- Task requirements
The listing must be copied out in full and exactly; no images go with it.

- Recorded information
•••

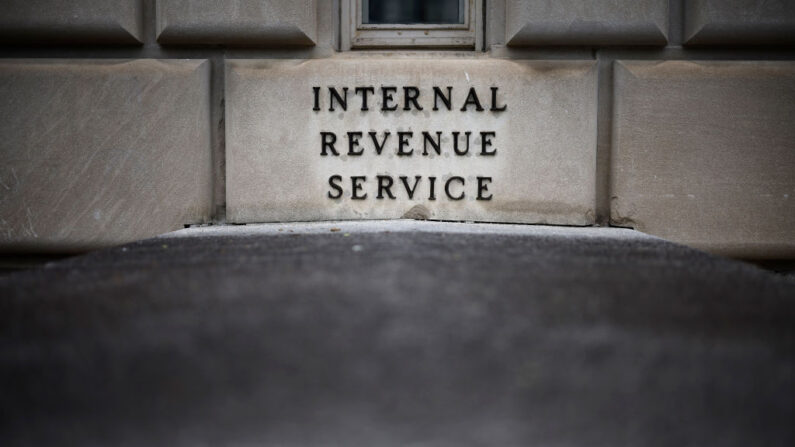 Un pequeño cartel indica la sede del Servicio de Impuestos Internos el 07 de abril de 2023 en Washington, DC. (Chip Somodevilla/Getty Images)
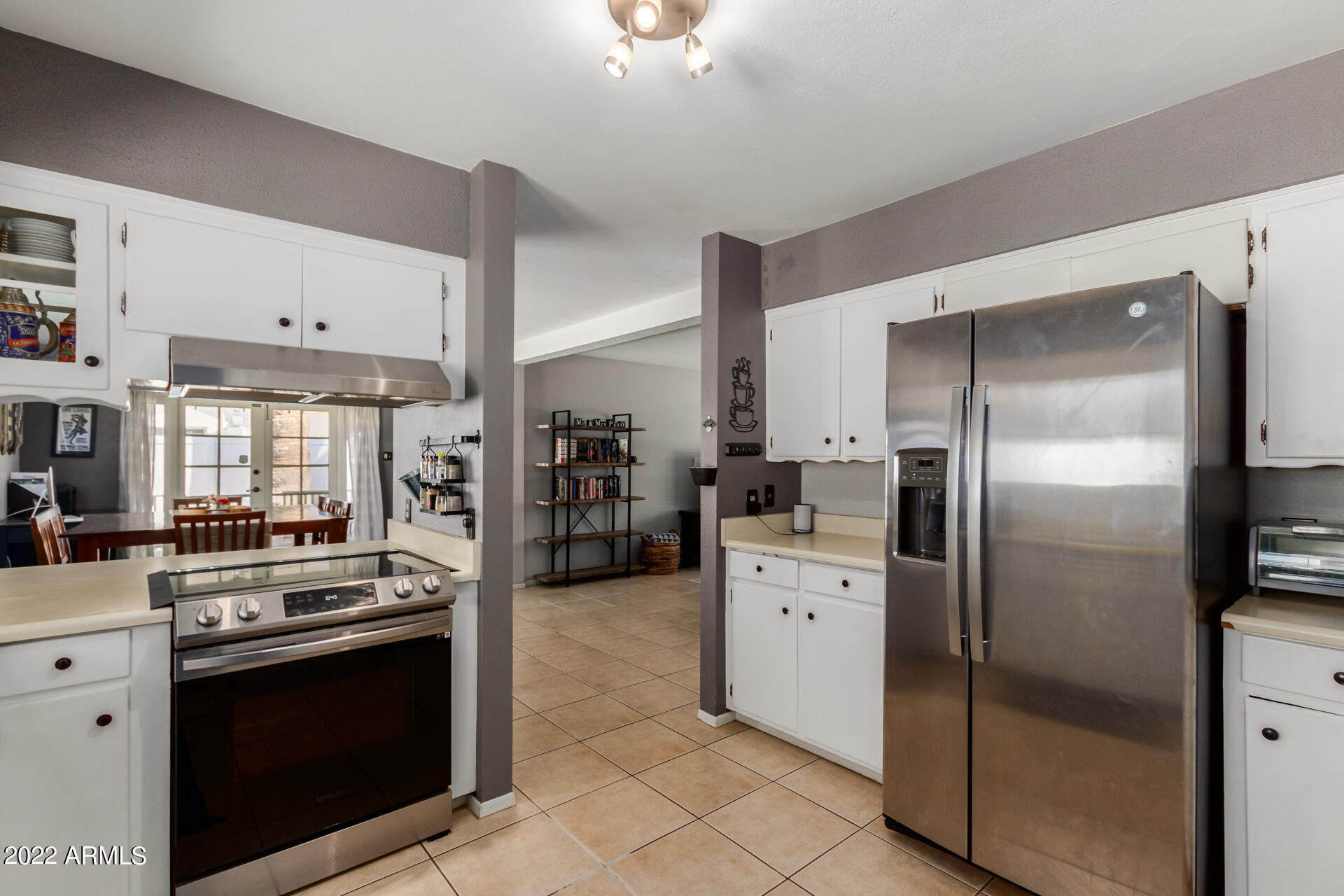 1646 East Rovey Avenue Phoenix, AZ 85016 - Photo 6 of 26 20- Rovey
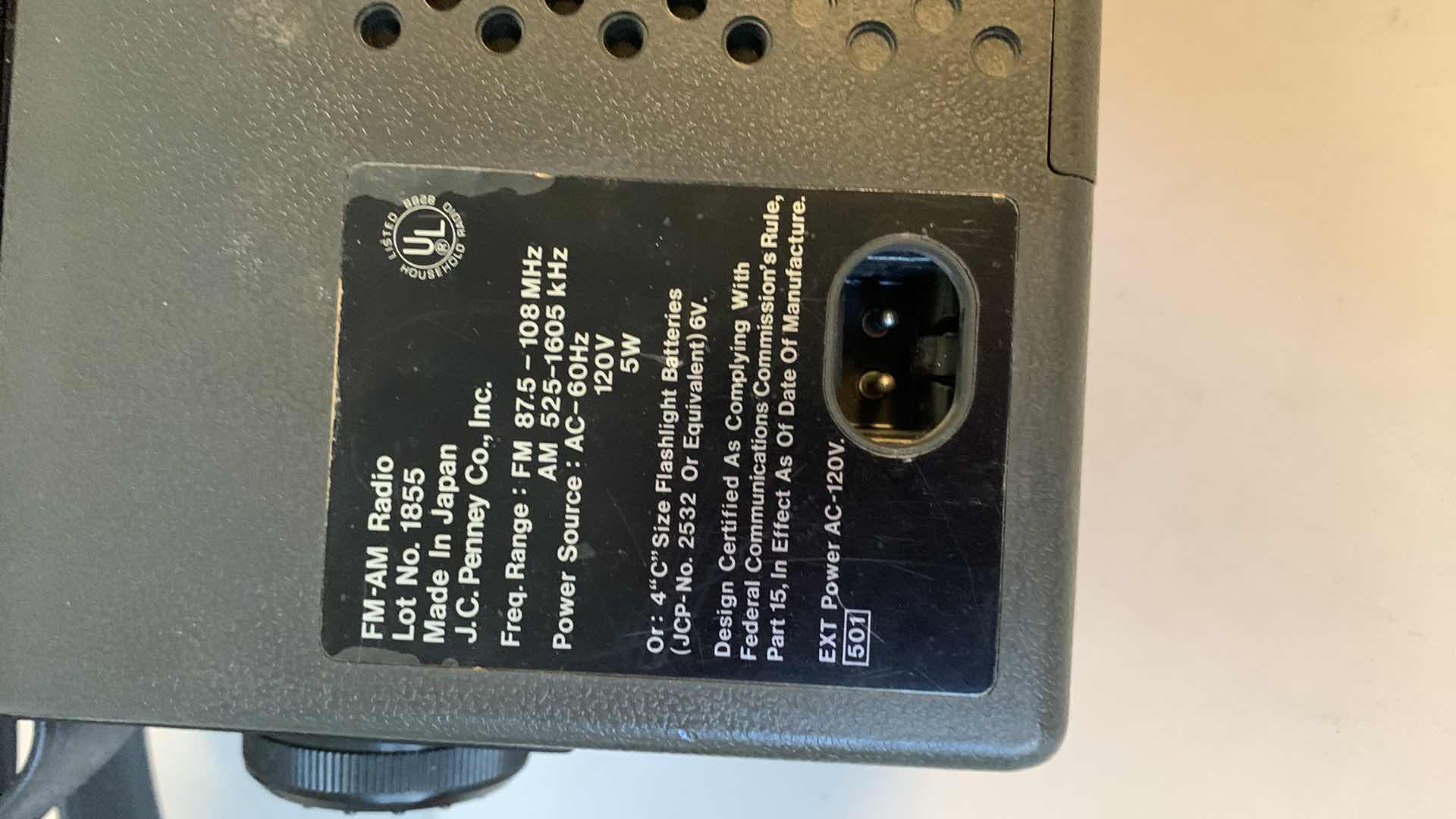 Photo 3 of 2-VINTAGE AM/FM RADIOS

•••

- Result
 Un pequeño cartel indica la sede del Servicio de Impuestos Internos el 07 de abril de 2023 en Washington, DC. (Chip Somodevilla/Getty Images)
 1646 East Rovey Avenue Phoenix, AZ 85016 - Photo 6 of 26 20- Rovey
 Photo 3 of 2-VINTAGE AM/FM RADIOS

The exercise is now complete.